Exercise directions: Retype the material that follows exactly, limited to the lines from the one with "2AWスクエア」5.26 2AWスクエア大会 生中継！" through the one with "спайс Коряжма", and keep out all pictures.

Materials provided:
################

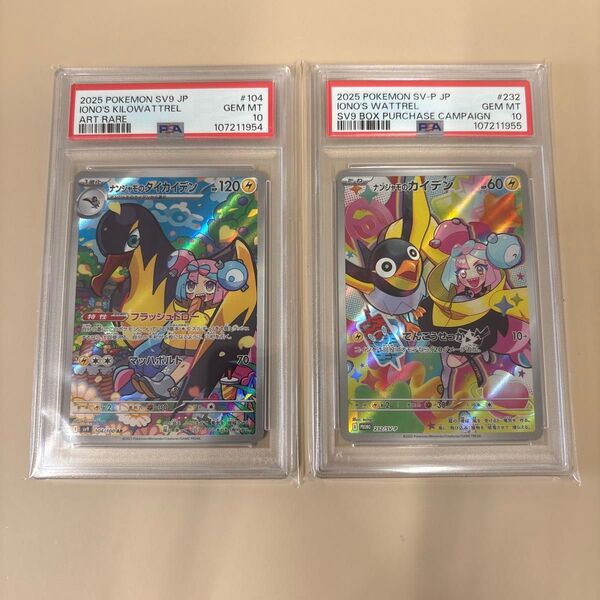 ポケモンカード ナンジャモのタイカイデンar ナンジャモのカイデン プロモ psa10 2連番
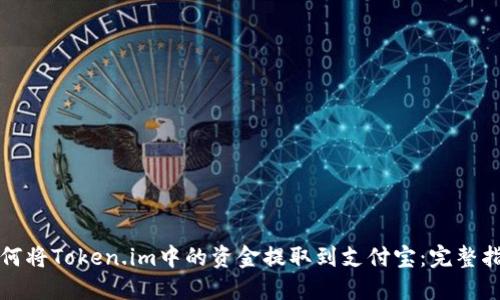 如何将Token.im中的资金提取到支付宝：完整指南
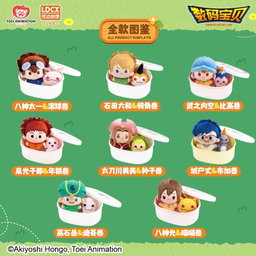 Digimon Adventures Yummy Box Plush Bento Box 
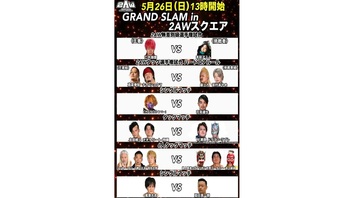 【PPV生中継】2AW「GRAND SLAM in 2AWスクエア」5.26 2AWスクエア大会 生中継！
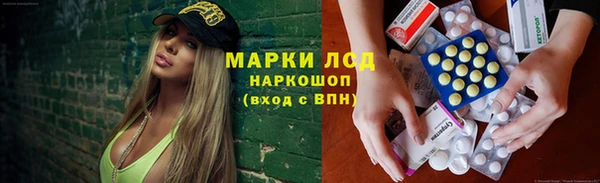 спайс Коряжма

################

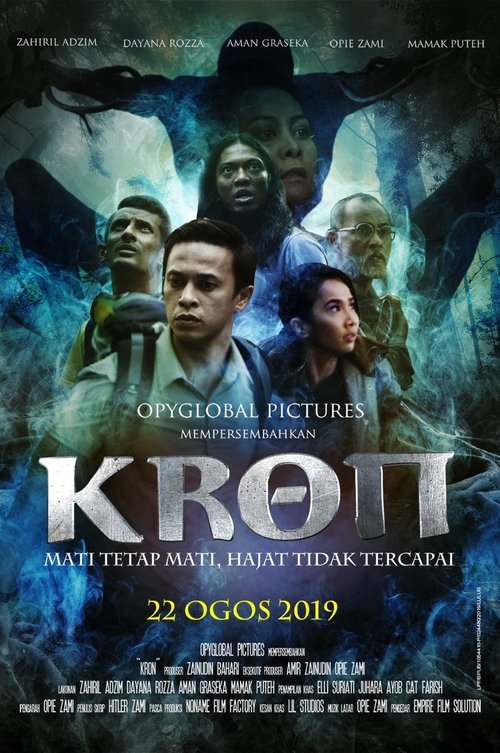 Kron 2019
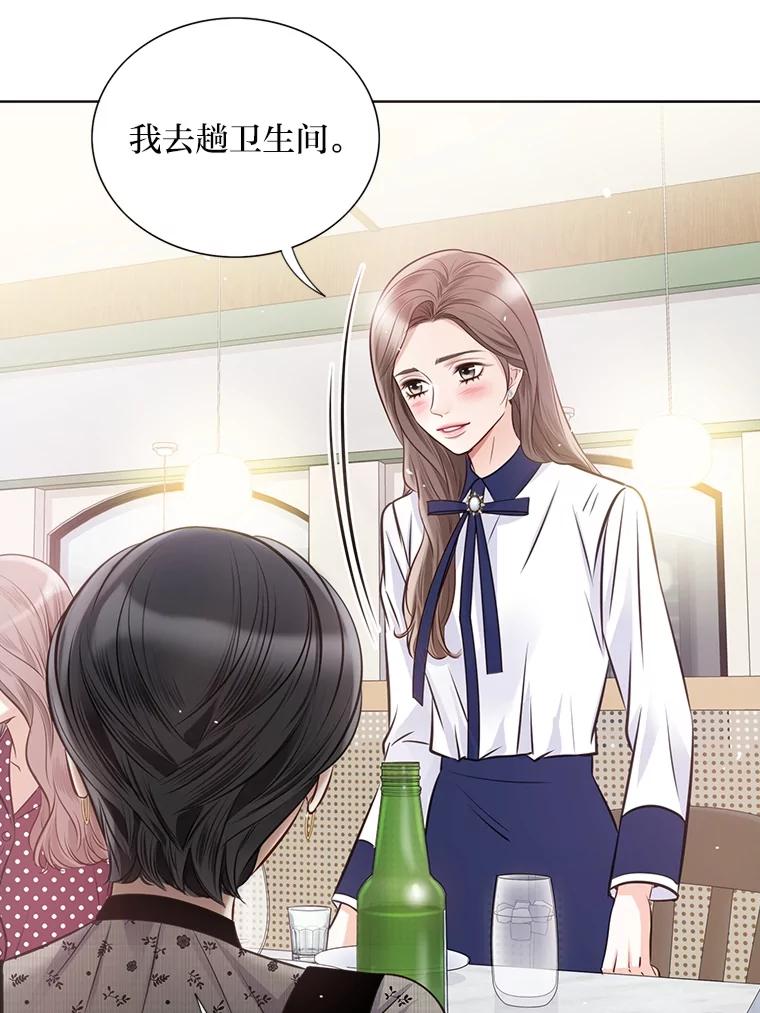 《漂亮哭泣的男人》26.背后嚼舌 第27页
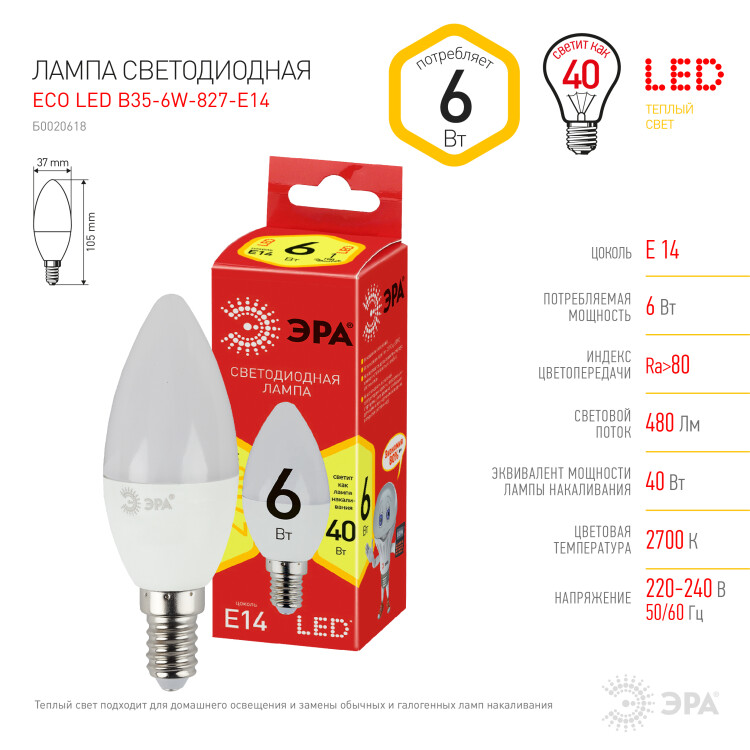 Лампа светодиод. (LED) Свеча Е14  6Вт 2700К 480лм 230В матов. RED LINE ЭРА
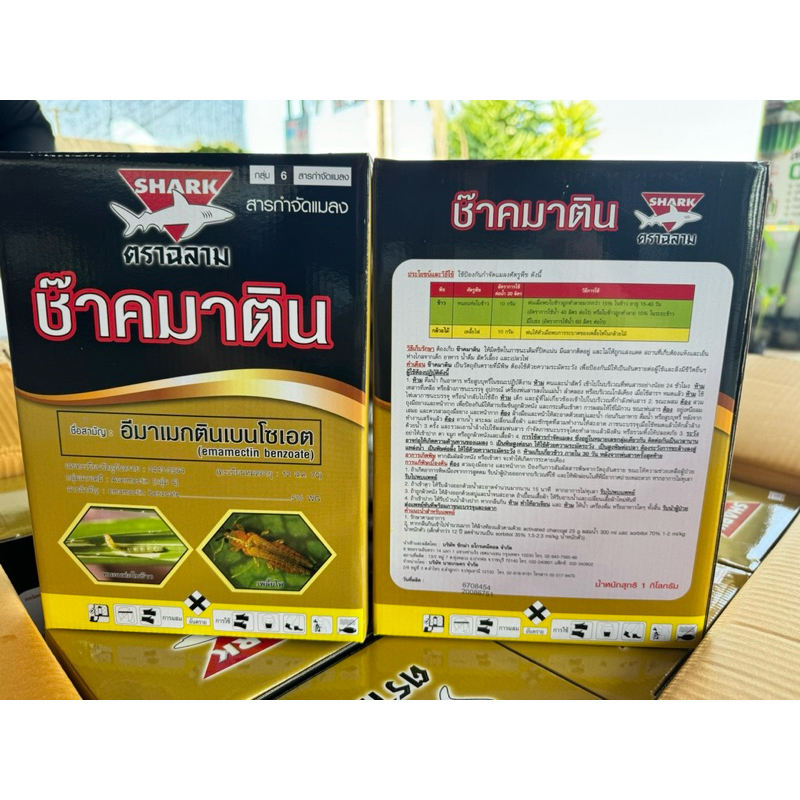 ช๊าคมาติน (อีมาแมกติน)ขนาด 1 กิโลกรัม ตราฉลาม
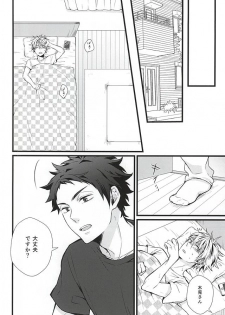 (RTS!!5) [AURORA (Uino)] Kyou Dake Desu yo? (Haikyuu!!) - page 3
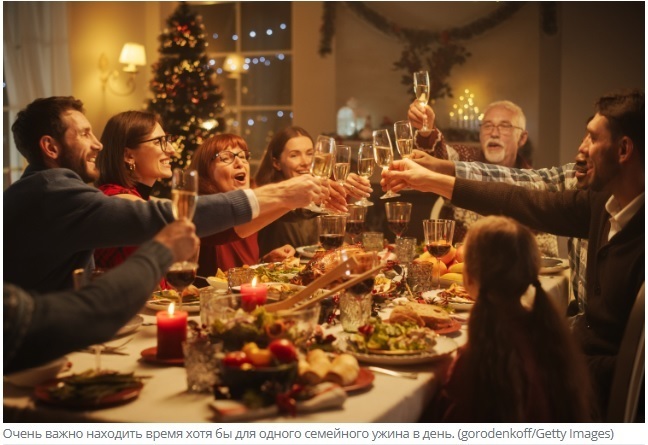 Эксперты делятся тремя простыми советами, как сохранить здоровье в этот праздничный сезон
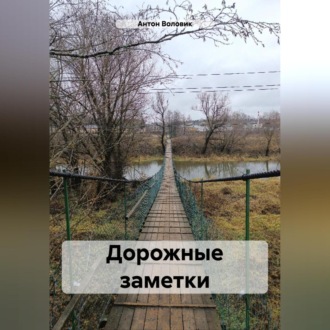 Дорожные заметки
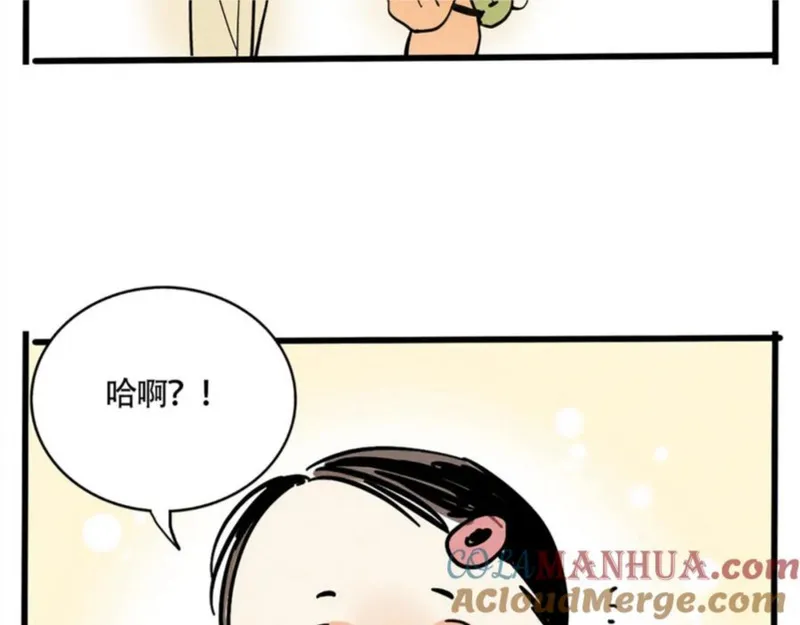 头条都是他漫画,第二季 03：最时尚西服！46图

################

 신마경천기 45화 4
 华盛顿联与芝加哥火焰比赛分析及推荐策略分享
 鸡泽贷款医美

################

Solution:
 【PPV生中継】2AW「GRAND SLAM in 2AWスクエア」5.26 2AWスクエア大会 生中継！
 спайс Коряжма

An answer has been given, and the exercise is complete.